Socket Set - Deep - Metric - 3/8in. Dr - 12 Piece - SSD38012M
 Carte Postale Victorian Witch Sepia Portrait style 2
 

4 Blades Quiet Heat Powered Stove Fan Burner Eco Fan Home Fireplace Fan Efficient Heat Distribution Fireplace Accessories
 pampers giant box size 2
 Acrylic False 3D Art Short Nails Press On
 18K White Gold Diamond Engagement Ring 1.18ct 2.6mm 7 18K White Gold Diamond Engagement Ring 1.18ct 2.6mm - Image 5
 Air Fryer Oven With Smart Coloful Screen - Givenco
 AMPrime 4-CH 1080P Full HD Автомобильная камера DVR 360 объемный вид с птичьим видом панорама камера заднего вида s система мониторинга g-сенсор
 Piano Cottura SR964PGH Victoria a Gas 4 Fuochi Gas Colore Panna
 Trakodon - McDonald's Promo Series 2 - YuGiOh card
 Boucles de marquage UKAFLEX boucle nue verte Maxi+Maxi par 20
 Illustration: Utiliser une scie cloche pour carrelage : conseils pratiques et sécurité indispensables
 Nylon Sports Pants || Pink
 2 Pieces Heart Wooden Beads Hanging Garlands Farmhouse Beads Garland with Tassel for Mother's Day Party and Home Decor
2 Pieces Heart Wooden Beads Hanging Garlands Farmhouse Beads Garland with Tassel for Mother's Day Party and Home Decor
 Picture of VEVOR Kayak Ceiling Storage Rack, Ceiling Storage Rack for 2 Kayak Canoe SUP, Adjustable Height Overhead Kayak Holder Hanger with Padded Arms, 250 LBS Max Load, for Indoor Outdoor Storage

+++

#### Task details
Everything above from the line containing "pampers giant box size 2" down to the line containing "Air Fryer Oven" should be copied exactly, both end lines included, and nothing else.

#### Result of this task
 pampers giant box size 2
 Acrylic False 3D Art Short Nails Press On
 18K White Gold Diamond Engagement Ring 1.18ct 2.6mm 7 18K White Gold Diamond Engagement Ring 1.18ct 2.6mm - Image 5
 Air Fryer Oven With Smart Coloful Screen - Givenco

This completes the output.